Provided information Start Marker
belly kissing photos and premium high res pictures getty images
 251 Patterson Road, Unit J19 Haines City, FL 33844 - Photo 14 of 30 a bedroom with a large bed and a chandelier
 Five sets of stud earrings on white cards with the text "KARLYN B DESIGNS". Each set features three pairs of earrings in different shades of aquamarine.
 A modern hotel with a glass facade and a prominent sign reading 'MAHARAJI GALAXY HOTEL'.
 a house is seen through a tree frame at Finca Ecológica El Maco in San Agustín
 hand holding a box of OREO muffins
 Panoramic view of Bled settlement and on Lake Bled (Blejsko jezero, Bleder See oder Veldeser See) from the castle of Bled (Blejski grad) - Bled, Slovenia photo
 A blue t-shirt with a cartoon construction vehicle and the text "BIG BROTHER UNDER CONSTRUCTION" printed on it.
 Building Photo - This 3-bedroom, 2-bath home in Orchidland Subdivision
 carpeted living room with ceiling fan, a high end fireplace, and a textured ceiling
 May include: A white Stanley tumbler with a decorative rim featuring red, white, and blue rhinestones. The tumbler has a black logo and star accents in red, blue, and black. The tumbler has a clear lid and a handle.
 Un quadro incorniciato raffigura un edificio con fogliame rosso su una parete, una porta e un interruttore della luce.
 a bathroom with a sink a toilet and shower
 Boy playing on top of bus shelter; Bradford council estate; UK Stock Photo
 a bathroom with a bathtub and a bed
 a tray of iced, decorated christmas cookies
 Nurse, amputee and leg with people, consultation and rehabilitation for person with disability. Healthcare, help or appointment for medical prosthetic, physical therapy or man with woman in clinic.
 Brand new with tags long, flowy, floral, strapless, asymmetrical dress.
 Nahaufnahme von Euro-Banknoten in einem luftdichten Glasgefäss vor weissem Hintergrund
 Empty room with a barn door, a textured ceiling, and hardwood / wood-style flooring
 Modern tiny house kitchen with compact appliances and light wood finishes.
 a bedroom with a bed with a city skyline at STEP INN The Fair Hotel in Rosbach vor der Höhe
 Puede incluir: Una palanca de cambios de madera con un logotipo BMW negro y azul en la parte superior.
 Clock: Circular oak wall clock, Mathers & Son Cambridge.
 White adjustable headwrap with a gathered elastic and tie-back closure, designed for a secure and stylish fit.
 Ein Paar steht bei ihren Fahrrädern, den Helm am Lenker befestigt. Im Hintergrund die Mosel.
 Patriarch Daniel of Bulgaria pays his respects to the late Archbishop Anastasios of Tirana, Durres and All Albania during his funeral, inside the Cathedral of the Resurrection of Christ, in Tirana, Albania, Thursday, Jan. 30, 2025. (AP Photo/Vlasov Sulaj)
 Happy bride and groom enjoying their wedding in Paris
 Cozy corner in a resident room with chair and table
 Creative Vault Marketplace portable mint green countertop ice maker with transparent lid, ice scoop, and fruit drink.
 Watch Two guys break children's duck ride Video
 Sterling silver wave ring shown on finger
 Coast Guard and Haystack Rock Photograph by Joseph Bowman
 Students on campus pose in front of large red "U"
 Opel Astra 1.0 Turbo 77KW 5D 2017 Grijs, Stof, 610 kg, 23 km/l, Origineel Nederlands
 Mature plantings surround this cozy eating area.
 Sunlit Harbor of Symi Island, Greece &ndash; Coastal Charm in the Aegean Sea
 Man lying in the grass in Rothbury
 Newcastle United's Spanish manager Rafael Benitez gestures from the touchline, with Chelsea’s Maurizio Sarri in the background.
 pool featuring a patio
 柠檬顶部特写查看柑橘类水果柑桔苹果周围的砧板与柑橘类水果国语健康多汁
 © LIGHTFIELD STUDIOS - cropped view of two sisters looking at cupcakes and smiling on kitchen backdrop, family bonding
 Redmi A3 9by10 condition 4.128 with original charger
Provided information End Marker
• **Exercise prompt**:
The answer must be the line containing "柠檬顶部特写查看柑橘类水果柑桔苹果周围的砧板与柑橘类水果国语健康多汁" and every line after it through the last line of the records above, repeated exactly.

• **Answer space**:
 柠檬顶部特写查看柑橘类水果柑桔苹果周围的砧板与柑橘类水果国语健康多汁
 © LIGHTFIELD STUDIOS - cropped view of two sisters looking at cupcakes and smiling on kitchen backdrop, family bonding
 Redmi A3 9by10 condition 4.128 with original charger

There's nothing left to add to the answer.